=== What the task asks ===
Return, with both end lines included, exactly what the data below holds from the line with "Limit alcohol consumption." through the line with "If you're able", though not the pictures.

───── Information supplied ─────

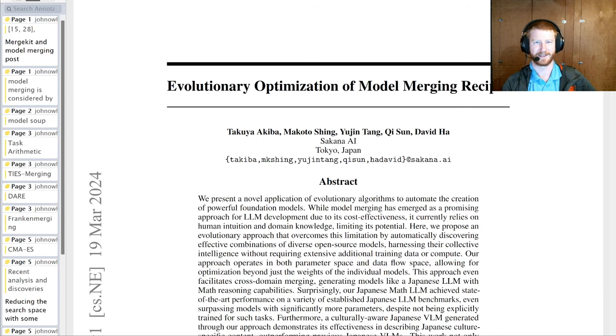Hello and welcome back to Data Science CastNet. In today's video we're taking a look at evolutionary optimization of model merging recipes from the Sakana Lab, a relatively new AI research lab in Japan led by David Ha and friends. They have a lot of really interesting researchers and seem determined to go in a different direction to many of the big foundation model labs. It's only been a couple of months since they raised their first round of seed funding, so it's impressive to have a paper out already.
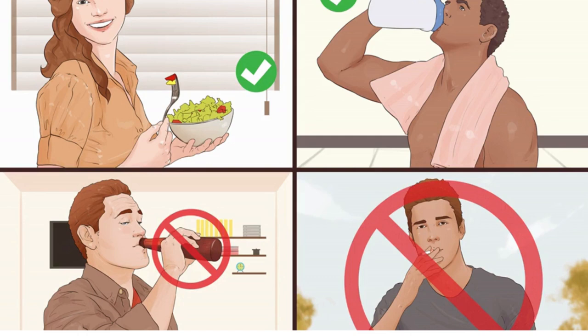Limit alcohol consumption. If you drink, drink in moderation. To avoid the ill effects of alcohol, men should limit their daily intake to two drinks per day, while women should have only one. Quit smoking — or if you don't smoke, don't start. Regular tobacco smoking damages your heart and lungs, making it more difficult to exercise.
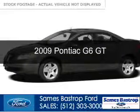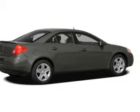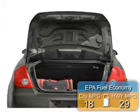This is a used 2009 Pontiac G6, powered by front-wheel drive, a 3.5-liter six-cylinder engine, and a four-speed automatic transmission. Great fuel efficiency saves you money by requiring fewer trips to the gas station.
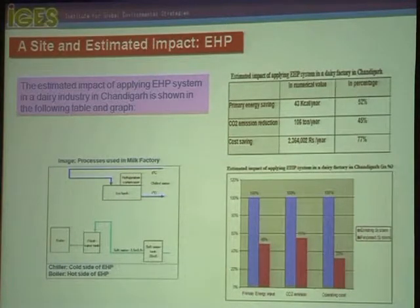In the milk factory, there are two processes: one is a cold system and the other is a boiler or heat system. If we apply an electric heat pump, one side handles the cold application and the other side handles the hot application — replacing the individual chiller and boiler. This type of heat pump application has a very broad application area, covering not only food processing but many other industries.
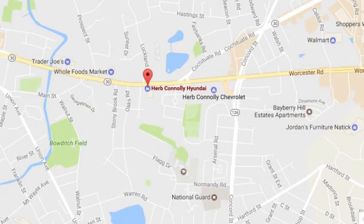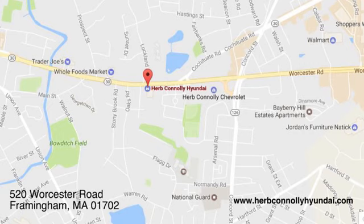Call, click, or stop in and see us today. We're conveniently located at 520 Worcester Road in Framingham, Massachusetts.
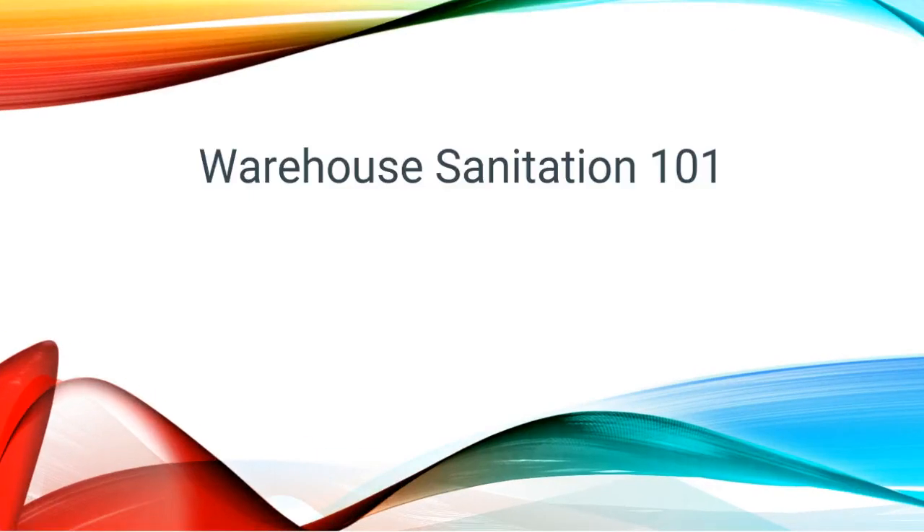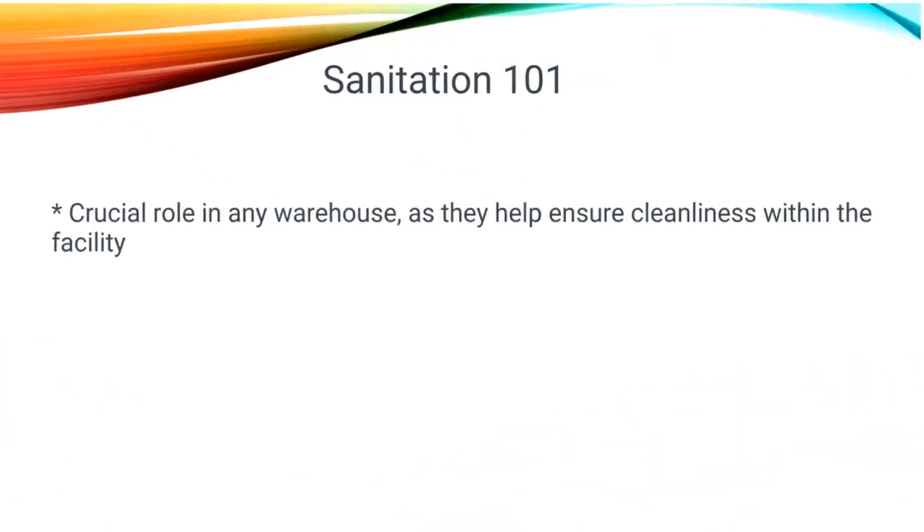Today, we will be discussing Warehouse Sanitation 101. Sanitation is a crucial role in any warehouse, as they help ensure cleanliness within the facility.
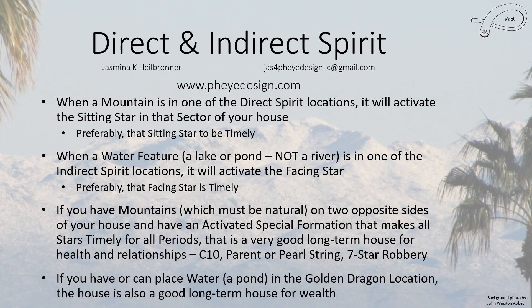If you're able to either have or place water in a golden dragon location — and you really need to watch my Leaning Stars video to understand this — then this house is also good long-term for wealth. This location will change every 20 years. If you live in an apartment or a condo where you can't place water outside, it can be placed inside, but outside it's much more powerful.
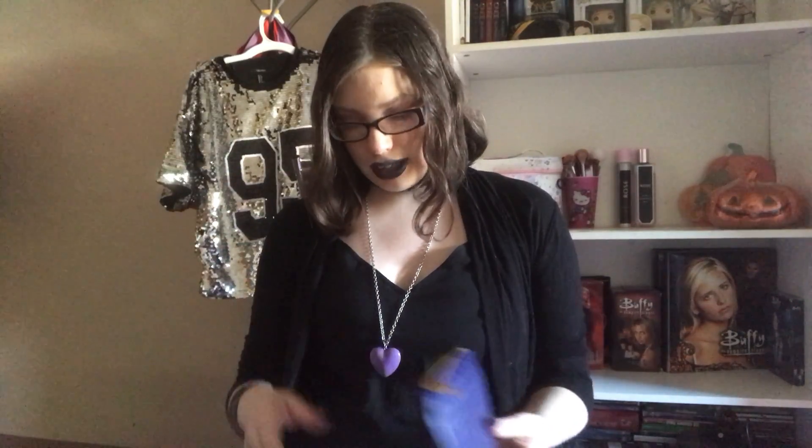Hey my beautifuls, it's me Alissa. Welcome back to my channel. Today I have for you guys my Ipsy bag for November 2018 and I'm so excited to share with you guys my little November Ipsy bag.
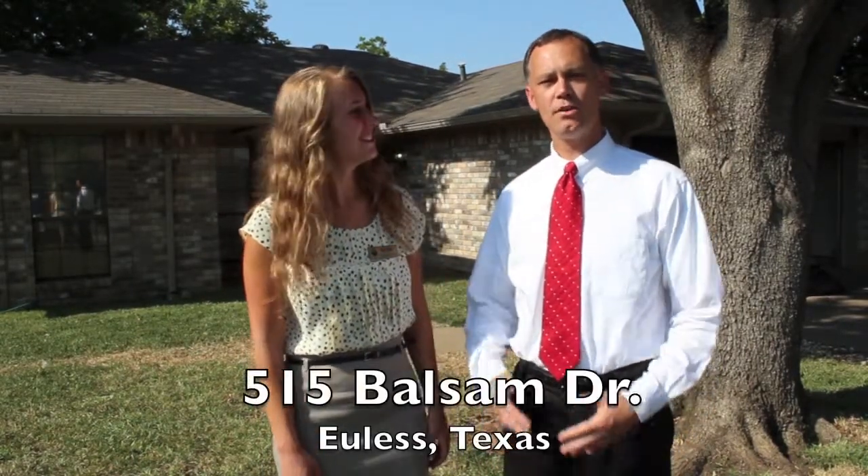Hi, I'm Gary Petty, and I'm Sarah Petty with RE-MAX-DHW Associates. We're at 515 Balsam Drive in Euless, Texas.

─────

=== Finished exercise ===
Limit alcohol consumption. If you drink, drink in moderation. To avoid the ill effects of alcohol, men should limit their daily intake to two drinks per day, while women should have only one. Quit smoking — or if you don't smoke, don't start. Regular tobacco smoking damages your heart and lungs, making it more difficult to exercise.
This is a used 2009 Pontiac G6, powered by front-wheel drive, a 3.5-liter six-cylinder engine, and a four-speed automatic transmission. Great fuel efficiency saves you money by requiring fewer trips to the gas station.
In the milk factory, there are two processes: one is a cold system and the other is a boiler or heat system. If we apply an electric heat pump, one side handles the cold application and the other side handles the hot application — replacing the individual chiller and boiler. This type of heat pump application has a very broad application area, covering not only food processing but many other industries.
Call, click, or stop in and see us today. We're conveniently located at 520 Worcester Road in Framingham, Massachusetts.
Today, we will be discussing Warehouse Sanitation 101. Sanitation is a crucial role in any warehouse, as they help ensure cleanliness within the facility.
If you're able to either have or place water in a golden dragon location — and you really need to watch my Leaning Stars video to understand this — then this house is also good long-term for wealth. This location will change every 20 years. If you live in an apartment or a condo where you can't place water outside, it can be placed inside, but outside it's much more powerful.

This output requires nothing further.